KUHN, T. A estrutura das revoluções científicas. Tradução de Beatriz V. Boeira e Nelson Boeira. 13ª ed. São Paulo: Editora Perspectiva, 2017 [1962].

LEVINSON, S. Speech acts. In: HUANG, Y. The Oxford handbook of pragmatics. Oxford: Oxford University Press, 2017.

MARTIN, J. R.; ROSE, D. Genre relations: mapping culture. Londres: Equinox, 2008.

NEVES, M. H. M. A gramática: história, teoria e análise, ensino. São Paulo: Ed. UNESP, 2002.

NEVES, M. H. M. A vertente grega da gramática tradicional – uma visão do pensamento grego sobre a linguagem. São Paulo: Ed. UNESP, 2005.

NEVES, M. H. M. Ensino de língua e vivência de linguagem. São Paulo: Contexto, 2010.

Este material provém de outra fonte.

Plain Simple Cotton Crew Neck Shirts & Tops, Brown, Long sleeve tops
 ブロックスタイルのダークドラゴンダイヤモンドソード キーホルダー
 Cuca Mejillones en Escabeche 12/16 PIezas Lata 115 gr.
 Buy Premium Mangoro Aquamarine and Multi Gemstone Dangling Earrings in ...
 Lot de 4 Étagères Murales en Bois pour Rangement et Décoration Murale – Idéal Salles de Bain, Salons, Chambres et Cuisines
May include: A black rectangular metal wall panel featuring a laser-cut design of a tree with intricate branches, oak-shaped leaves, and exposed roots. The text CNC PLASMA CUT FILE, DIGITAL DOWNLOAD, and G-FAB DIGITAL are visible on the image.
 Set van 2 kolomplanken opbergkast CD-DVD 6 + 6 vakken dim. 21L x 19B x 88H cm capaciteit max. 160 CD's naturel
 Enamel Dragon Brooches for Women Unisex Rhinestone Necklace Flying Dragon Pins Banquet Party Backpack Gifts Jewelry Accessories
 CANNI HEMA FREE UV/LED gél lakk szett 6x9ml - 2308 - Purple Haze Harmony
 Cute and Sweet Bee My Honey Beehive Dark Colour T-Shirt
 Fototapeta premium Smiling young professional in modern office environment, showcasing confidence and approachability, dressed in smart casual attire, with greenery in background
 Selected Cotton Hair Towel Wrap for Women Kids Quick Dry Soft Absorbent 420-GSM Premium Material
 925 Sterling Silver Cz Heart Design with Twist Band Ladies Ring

UMA visita aos pilares da construção de uma visão funcionalista da linguagem. Conferência apresentada por Maria Helena de Moura Neves [s.l., s.n.], 2020. 1 vídeo (1h 46min 35s). Publicado pelo canal da Associação Brasileira de Linguística. Disponível em: https://www.youtube.com/watch?v=05GhFNpDqfg. Acessado em 8 de junho de 2020.

SEARLE, J. Speech acts: an essay in the philosophy of language. Cambridge: Cambridge University Press, 1969.